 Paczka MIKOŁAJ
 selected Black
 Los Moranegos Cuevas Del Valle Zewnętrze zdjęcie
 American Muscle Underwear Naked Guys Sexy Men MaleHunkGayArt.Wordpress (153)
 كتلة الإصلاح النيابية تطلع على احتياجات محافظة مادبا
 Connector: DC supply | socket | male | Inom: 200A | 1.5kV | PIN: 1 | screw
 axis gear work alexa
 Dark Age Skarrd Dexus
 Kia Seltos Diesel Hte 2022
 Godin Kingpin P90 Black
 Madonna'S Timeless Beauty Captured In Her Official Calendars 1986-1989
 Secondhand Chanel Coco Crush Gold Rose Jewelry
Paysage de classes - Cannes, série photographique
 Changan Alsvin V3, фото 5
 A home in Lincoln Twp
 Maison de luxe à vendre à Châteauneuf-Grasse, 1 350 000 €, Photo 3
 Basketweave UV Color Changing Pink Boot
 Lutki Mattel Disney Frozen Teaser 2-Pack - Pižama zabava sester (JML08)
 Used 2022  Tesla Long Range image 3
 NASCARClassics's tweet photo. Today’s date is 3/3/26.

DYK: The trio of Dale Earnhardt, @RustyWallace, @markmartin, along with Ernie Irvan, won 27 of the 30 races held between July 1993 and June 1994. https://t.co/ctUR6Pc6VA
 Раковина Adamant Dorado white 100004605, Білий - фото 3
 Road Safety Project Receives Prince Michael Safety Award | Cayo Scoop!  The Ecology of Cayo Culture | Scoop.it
------------------------------
### WHAT YOU SHOULD DO
Would you please write out, exactly and with no other lines, the stretch of the listing above from the line containing "Lutki Mattel Disney" through the line containing "Раковина Adamant Dorado"?

### EXPECTED OUTPUT
 Lutki Mattel Disney Frozen Teaser 2-Pack - Pižama zabava sester (JML08)
 Used 2022  Tesla Long Range image 3
 NASCARClassics's tweet photo. Today’s date is 3/3/26.

DYK: The trio of Dale Earnhardt, @RustyWallace, @markmartin, along with Ernie Irvan, won 27 of the 30 races held between July 1993 and June 1994. https://t.co/ctUR6Pc6VA
 Раковина Adamant Dorado white 100004605, Білий - фото 3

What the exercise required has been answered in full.